I’ll have a normal review of Deadly Force soon. But here, digging into the new dataset, I’ll take a skeptical look at some of their evidence of unjustifiable racial disparities. These points are too far in the weeds for a general audience.
Essentially, in analyses presented in Chapters 5 and 6, the authors find that African-Americans are disproportionately shot by the police even after accounting for crime rates in various ways. My overall concern with this approach is that it’s hard to tell what kind of crime rates one should account for: Crimes, and even violent crimes specifically, vary markedly in both their level of violence and in their racial offending disparities.
My more specific concern is that, in some of the book’s most striking charts, the authors severely underestimate the percentage of criminal offenders who are black by including large numbers of individuals with unknown races in the denominator.
***
First, a bit of background on the “benchmarking” approach in studies of bias in police shootings.
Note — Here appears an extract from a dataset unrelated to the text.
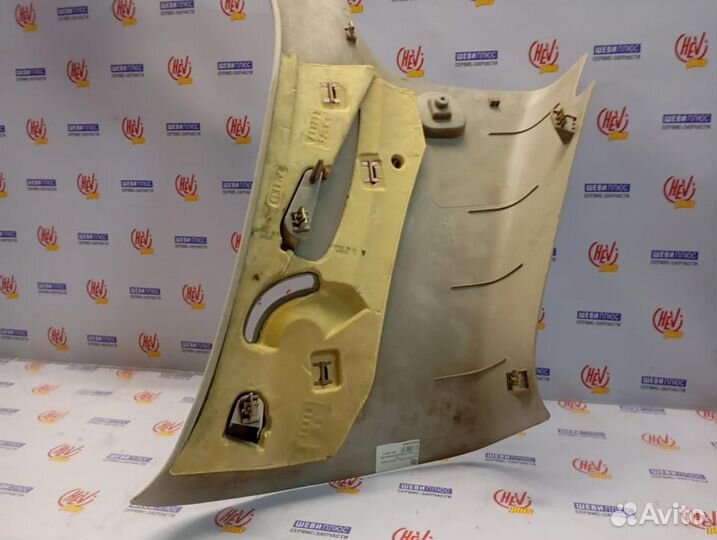 Накладка стойки задней левой Cadillac Escalade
Here’s a chart I made for a report a few years back. It shows how fatal police shootings compare, demographically, with various potential benchmark populations, ranging from America as a whole to cop killers:
Obviously, it makes a huge difference which one you pick, and in truth, none of them is a perfect stand-in for people who’d be killed by the police in a world without racial bias. Many people shot by police are at the extreme high end of the violence spectrum—attacking armed cops—but there are also those having mental-health crises, not to mention cases where cops misjudge threats, overreact, act abusively, or catch innocent people with stray bullets (which are all bad but are different from racial bias). Situations that lead to police shootings are a complicated blend of other problems, and each problem has a somewhat different underlying racial mix.
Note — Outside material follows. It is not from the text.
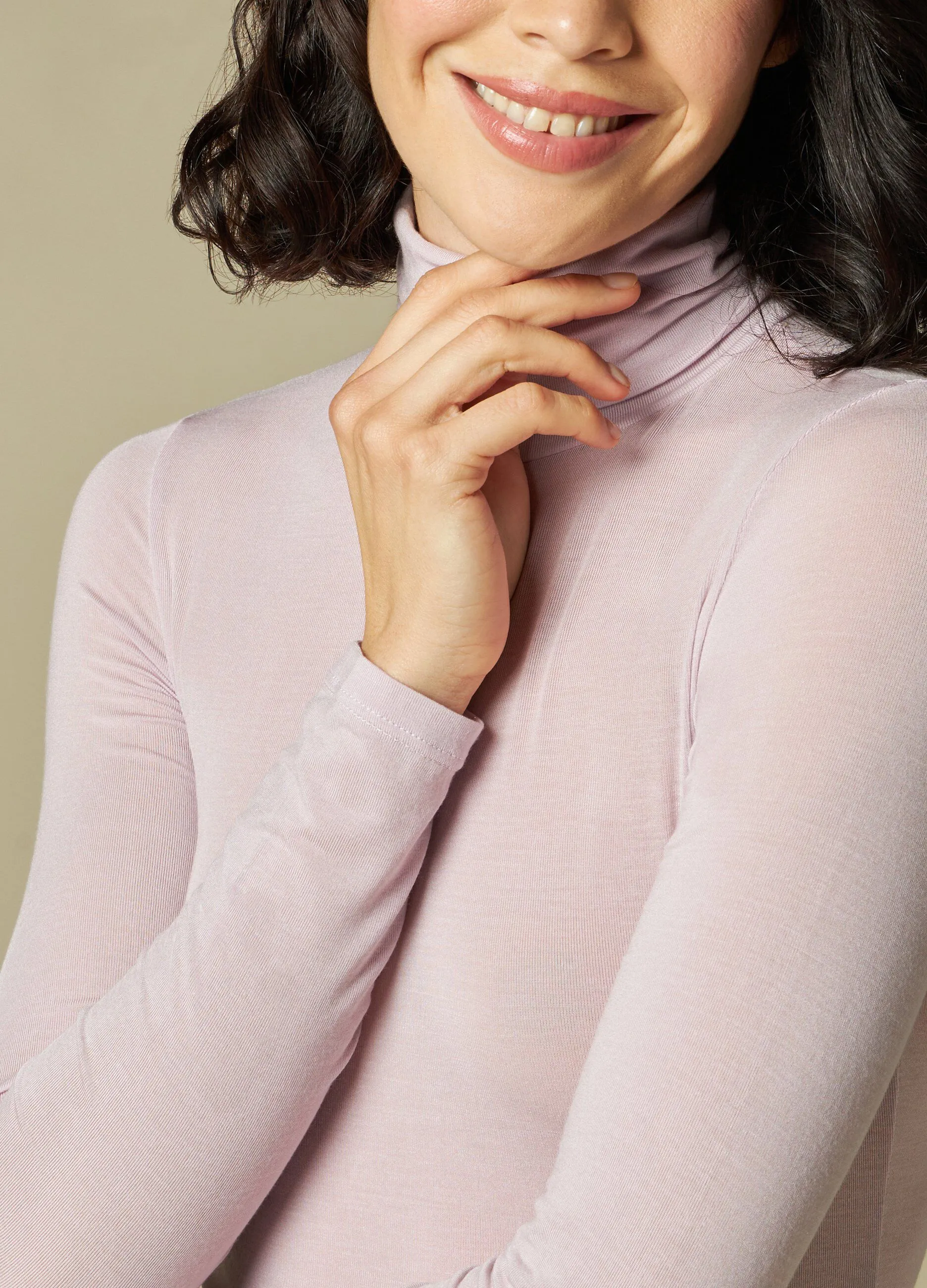 IWIE  Dolcevita in tessuto stretch Made in Italy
And oddly, in terms of crime-rate comparisons, the more selective you think police are in whom they shoot, the higher the black share you might expect: The most extreme benchmarks, such as murder offenders and cop-killers, tend to have quite high black shares. If you treat either of those as the definitive benchmark (which you should not), the black share of fatal police shootings is actually “too low.”
***
At any rate, based on the above background knowledge, I found the following chart from Deadly Force’s Chapter 6 interesting.1 It suggests that, as the share of criminal offenders who are black in a city rises, the black share of people shot by the cops—including nonfatally, a key advantage their data have over other sources—goes up much faster. If a quarter of a city’s criminal offenders are black, close to half of the folks shot by cops will be, on average. When the authors restrict to violent offenders, the gap is smaller but still substantial.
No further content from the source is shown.